Andrea Staffolani

Personal information
- Date of birth: 19 February 1983 (age 43)
- Place of birth: Osimo, Italy
- Height: 1.83 m (6 ft 0 in)
- Position: Forward

Team information
- Current team: Matelica

Youth career
- Ancona

Senior career*
- Years: Team / Apps / (Gls)
- 2000–2001: Ancona / 4 / (2)
- 2001–2004: Parma / 0 / (0)
- 2001–2002: → Ancona (loan) / 7 / (0)
- 2001–2002: → Taranto (loan) / 8 / (0)
- 2002–2004: → Vis Pesaro (loan) / 40 / (5)
- 2004–2006: Fermana / 57 / (8)
- 2006–2009: Ancona / 34 / (2)
- 2008: → Sangiovannese (loan) / 12 / (3)
- 2009: Gela / 8 / (0)
- 2009–2010: Poggibonsi / 31 / (13)
- 2010–2012: Giacomense / 60 / (19)
- 2012–: Matelica

= Andrea Staffolani =

Italian footballer (born 1983)

Andrea Staffolani (born 19 February 1983) is an Italian footballer who plays as a forward for Matelica.

==Career==
===Ancona===
Born in Osimo, the province of Ancona, Marche, Staffolani started his career at Ancona.

===Parma===
In 2001, he was signed by Parma in co-ownership deal for 1.5 billion lire along with Paolo Guastalvino for undisclosed fee (Parma-Vicenza joint-contract). He was loaned back to Ancona for 2001–02 Serie B. In January 2002 he was signed by Taranto for the rest of 2001–02 Serie C1. In June 2002 the co-ownership was renewed but later terminated during the season. Ancona acquired Giampiero Maini in July 2002 and Daniele Degano in co-ownership deal in August 2002 from Parma for undisclosed fees. Staffolani spent another 2 seasons on loan to Serie C1 for Vis Pesaro.

===Fermana===
In 2004, he was transferred to Fermana.

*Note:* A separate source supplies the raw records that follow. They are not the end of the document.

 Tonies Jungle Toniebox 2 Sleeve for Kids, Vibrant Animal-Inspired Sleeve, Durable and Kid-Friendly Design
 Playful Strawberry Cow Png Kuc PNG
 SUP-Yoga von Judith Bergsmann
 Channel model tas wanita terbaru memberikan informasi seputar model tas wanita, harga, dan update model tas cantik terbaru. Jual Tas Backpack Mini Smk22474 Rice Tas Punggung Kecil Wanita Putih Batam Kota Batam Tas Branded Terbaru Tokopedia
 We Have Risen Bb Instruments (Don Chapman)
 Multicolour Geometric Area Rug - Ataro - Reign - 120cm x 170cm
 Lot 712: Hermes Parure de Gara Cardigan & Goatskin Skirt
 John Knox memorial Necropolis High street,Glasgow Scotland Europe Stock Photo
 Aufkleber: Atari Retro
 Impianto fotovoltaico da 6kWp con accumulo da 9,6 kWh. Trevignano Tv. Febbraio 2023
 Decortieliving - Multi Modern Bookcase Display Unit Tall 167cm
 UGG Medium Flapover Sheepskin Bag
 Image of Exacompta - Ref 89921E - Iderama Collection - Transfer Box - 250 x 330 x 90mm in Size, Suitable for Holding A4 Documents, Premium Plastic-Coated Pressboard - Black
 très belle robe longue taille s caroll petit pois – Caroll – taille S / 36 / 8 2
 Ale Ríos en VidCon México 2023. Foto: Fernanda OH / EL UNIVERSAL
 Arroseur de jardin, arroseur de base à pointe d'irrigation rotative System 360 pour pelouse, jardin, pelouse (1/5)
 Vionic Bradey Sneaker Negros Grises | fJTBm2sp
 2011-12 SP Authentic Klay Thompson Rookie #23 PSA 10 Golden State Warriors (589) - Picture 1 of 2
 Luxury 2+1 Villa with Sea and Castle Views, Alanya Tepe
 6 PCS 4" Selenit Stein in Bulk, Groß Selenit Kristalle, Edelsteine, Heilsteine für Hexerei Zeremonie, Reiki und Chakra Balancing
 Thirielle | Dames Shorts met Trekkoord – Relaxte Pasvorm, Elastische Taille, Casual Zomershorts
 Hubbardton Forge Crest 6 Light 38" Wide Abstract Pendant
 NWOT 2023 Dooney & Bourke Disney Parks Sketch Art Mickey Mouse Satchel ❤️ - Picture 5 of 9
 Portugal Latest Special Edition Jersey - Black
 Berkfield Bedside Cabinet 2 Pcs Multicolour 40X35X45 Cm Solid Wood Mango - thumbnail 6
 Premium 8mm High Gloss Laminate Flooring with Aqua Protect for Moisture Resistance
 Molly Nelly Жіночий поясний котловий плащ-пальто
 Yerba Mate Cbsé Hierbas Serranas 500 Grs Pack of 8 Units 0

He was released in July 2006 after the bankruptcy of the club.

===Ancona return===
In 2006, he returned to Ancona, new ran by Ancona SpA to replace the previous folded entity. In the second half of 2007–08 Serie C1, he was loaned to Sangiovannese. That season Ancona and Sangiovannese was promoted to Serie B and relegated to 2008–09 Lega Pro Seconda Divisione respectively from Serie C1 group B. Staffolani's loan contract was expired on 30 June 2008. He returned to Ancona and was awarded no.23 shirt for the Serie B campaign. In January 2009 he was transferred to Gela of the fourth division.

===Lega Pro clubs===
In 2009, he joined Poggibonsi of the fourth division. He finally able to score a double figure in a season. In 2010, he moved to fellow fourth division club Giacomense. In the first season he added 5 goals into his accounts and another 14 goals in 2011–12 Lega Pro Seconda Divisione.

===Amateur===
In October 2012 he joined Matelica of Eccellenza Marche.